After Raiding RGGI Funds, Chris Christie Calls the Carbon Trading Program a ‘Failure’

Policymakers and advocates in New Jersey are calling on Governor Chris Christie to return $65 million he diverted from a carbon-trading fund designed to help the state’s ratepayers reduce their energy bills. After announcing last Thursday that he was pulling his state out of the Regional Greenhouse Gas Initiative (RGGI), calling the program a “tax” and a “failure,” Christie has shown no intentions of giving back the tens of millions of dollars he took from the fund to help close a budget gap.

Last year, Governor Christie raided a RGGI fund set aside for energy efficiency and renewable energy projects that brings back $3 to $4 in value to ratepayers for every $1 invested. Now, some members of the New Jersey assembly are calling on Christie to return those “taxes” to the businesses and homeowners who benefit from those investments.

Upendra Chivukula, the Assembly deputy speaker, said that Christie owes it to New Jersey residents to replace the lost revenues.

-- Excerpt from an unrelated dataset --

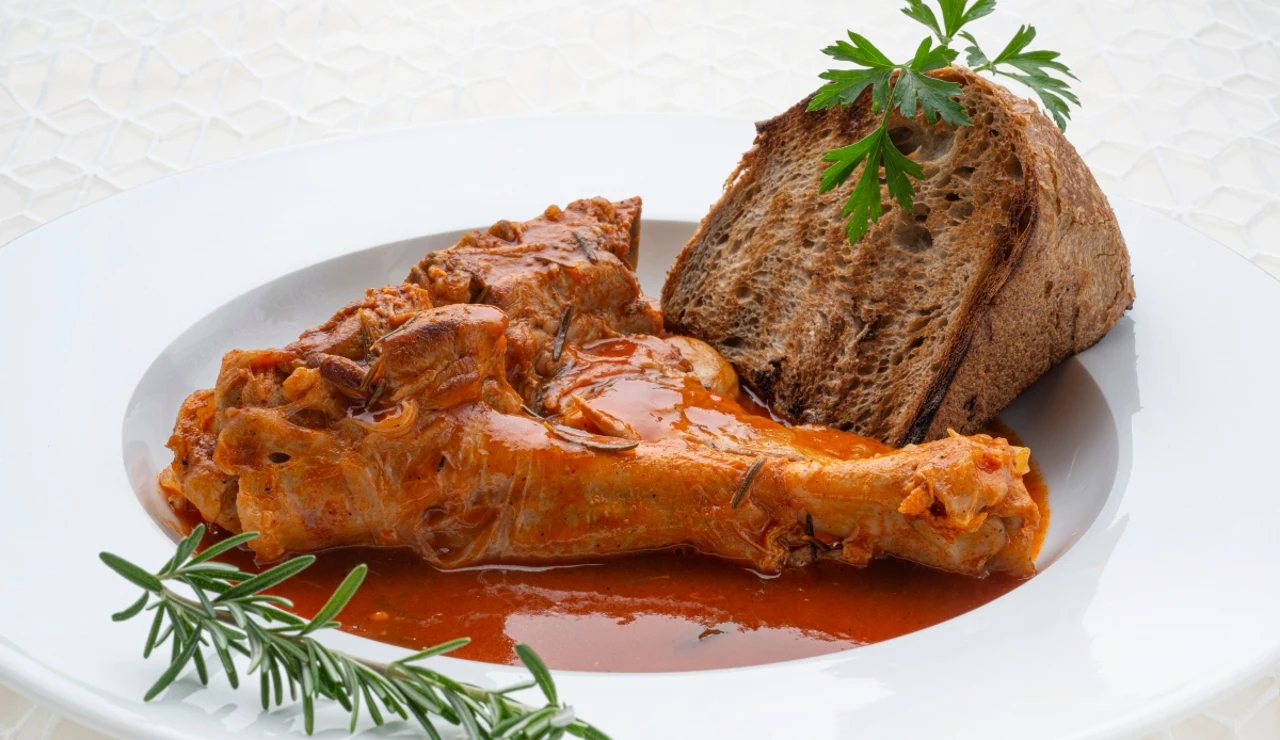 Receta de cordero a la cazuela, de Arguiñano: &quot;Fijaros qué forma más sencilla de hacer un súper guiso&quot;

“The governor has to be accountable to the ratepayers, because this money is coming from the ratepayers — not taxpayers,” he said. Chivukula was the first to sponsor the state’s RGGI bill and chairs the Assembly’s Telecommunications and Utilities Committee.


Neither assemblyman, however, said he had heard of talk of recovering the RGGI funds for clean energy spending.

Upon calling the program a “tax” and announcing his intentions to pull out of the nation’s first successful emissions reduction program last week, Christie also contracted himself by saying the program was not “expensive” enough to actually reduce emissions:

“RGGI has not changed behavior and it does not reduce emissions. We’re looking for broader results to benefit all ratepayers and all citizens. Finally and importantly, RGGI does nothing more than tax electricity, tax our citizens, tax our businesses with no discernible and measurable impact on our environment.”

Watch last week’s speech, in which Christie appears to embrace climate science, saying: “we know enough to say that we are at least a part of the problem. So looking forward we need to work to put policies in place that get at reducing those contributing factors.”

New Jersey has brought in over $100 million in proceeds from auctioning carbon allowances. However, only a small portion of that — about $29 million — was actually set aside for renewable energy and energy efficiency projects last year.